• REQUIREMENT
Find the line containing "百度seo優(yōu)化收費標準（百度seo網站優(yōu)化 網絡服務）", then return it and every line after it through the end of the records, exactly. Leave out pictures.
*** Opening of DATA PROVIDED ***
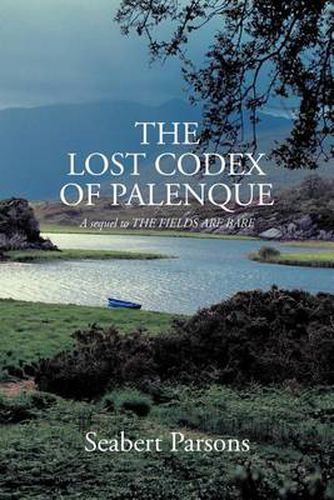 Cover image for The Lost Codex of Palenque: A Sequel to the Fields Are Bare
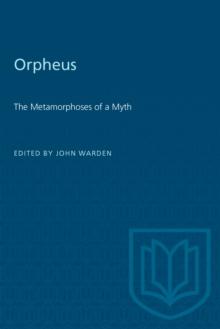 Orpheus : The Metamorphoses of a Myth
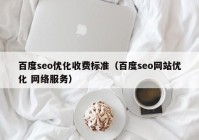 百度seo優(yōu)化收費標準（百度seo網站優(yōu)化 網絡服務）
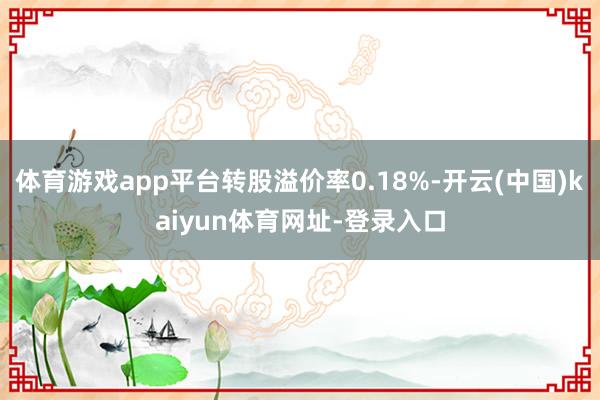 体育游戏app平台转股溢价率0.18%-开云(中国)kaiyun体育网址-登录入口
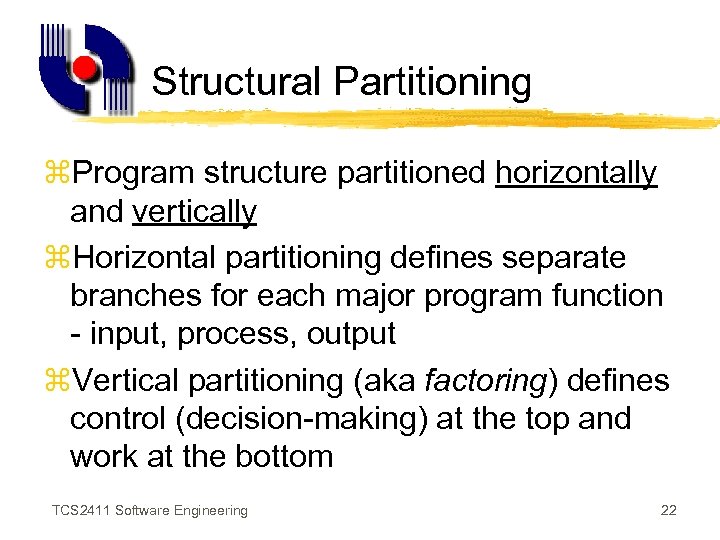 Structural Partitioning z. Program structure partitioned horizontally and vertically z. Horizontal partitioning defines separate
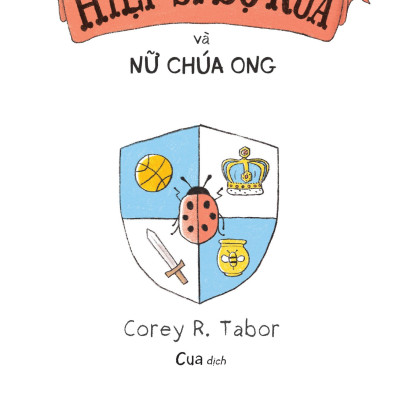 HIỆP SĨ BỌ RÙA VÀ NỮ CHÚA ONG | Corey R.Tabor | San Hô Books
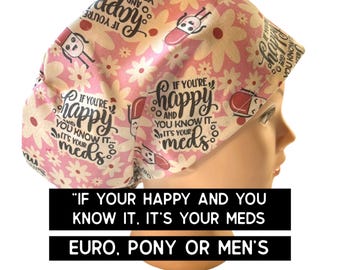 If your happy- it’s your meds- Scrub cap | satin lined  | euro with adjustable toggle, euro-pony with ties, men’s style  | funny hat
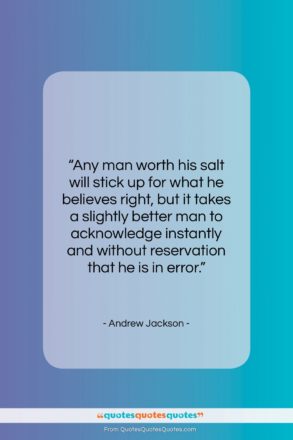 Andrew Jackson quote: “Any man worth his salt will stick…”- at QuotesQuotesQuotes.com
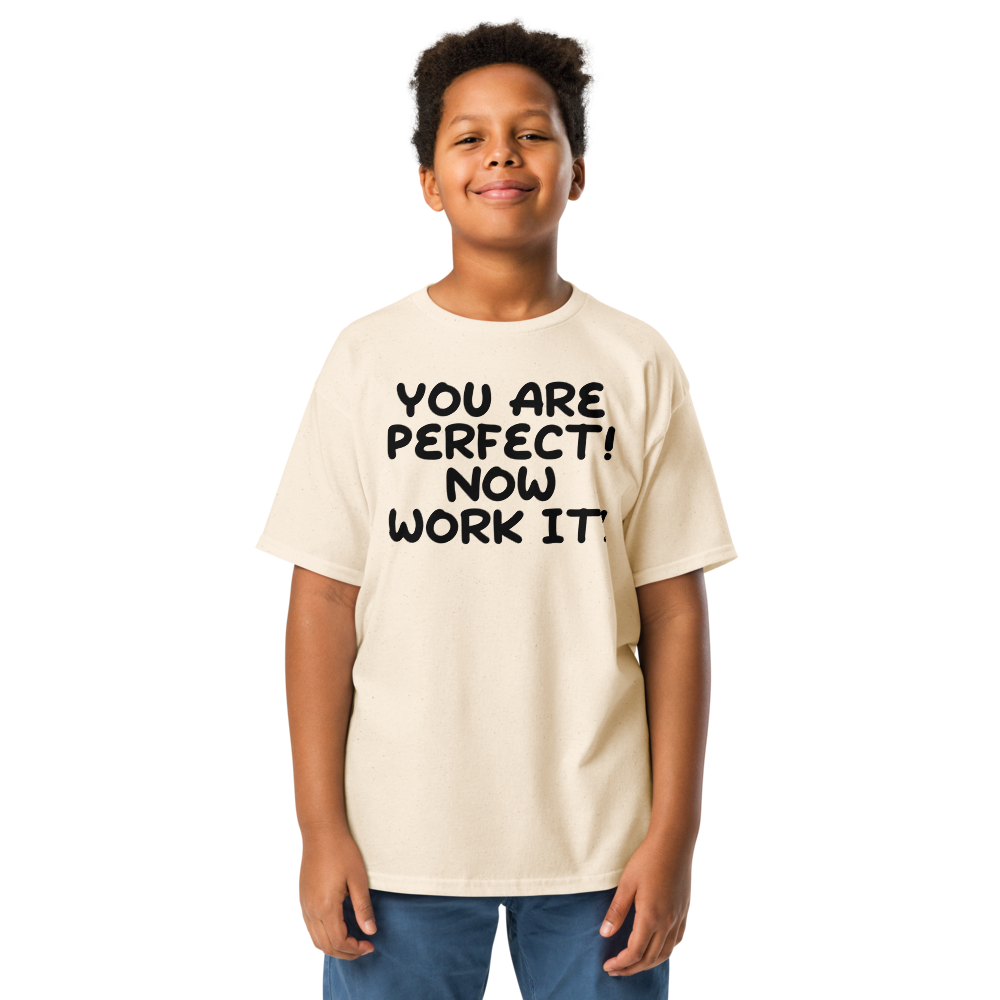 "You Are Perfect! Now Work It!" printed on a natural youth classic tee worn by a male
*** Close of DATA PROVIDED ***
• SOLUTION TO THE EXERCISE
 百度seo優(yōu)化收費標準（百度seo網站優(yōu)化 網絡服務）
 体育游戏app平台转股溢价率0.18%-开云(中国)kaiyun体育网址-登录入口
 Structural Partitioning z. Program structure partitioned horizontally and vertically z. Horizontal partitioning defines separate
 HIỆP SĨ BỌ RÙA VÀ NỮ CHÚA ONG | Corey R.Tabor | San Hô Books
 If your happy- it’s your meds- Scrub cap | satin lined  | euro with adjustable toggle, euro-pony with ties, men’s style  | funny hat
 Andrew Jackson quote: “Any man worth his salt will stick…”- at QuotesQuotesQuotes.com
 "You Are Perfect! Now Work It!" printed on a natural youth classic tee worn by a male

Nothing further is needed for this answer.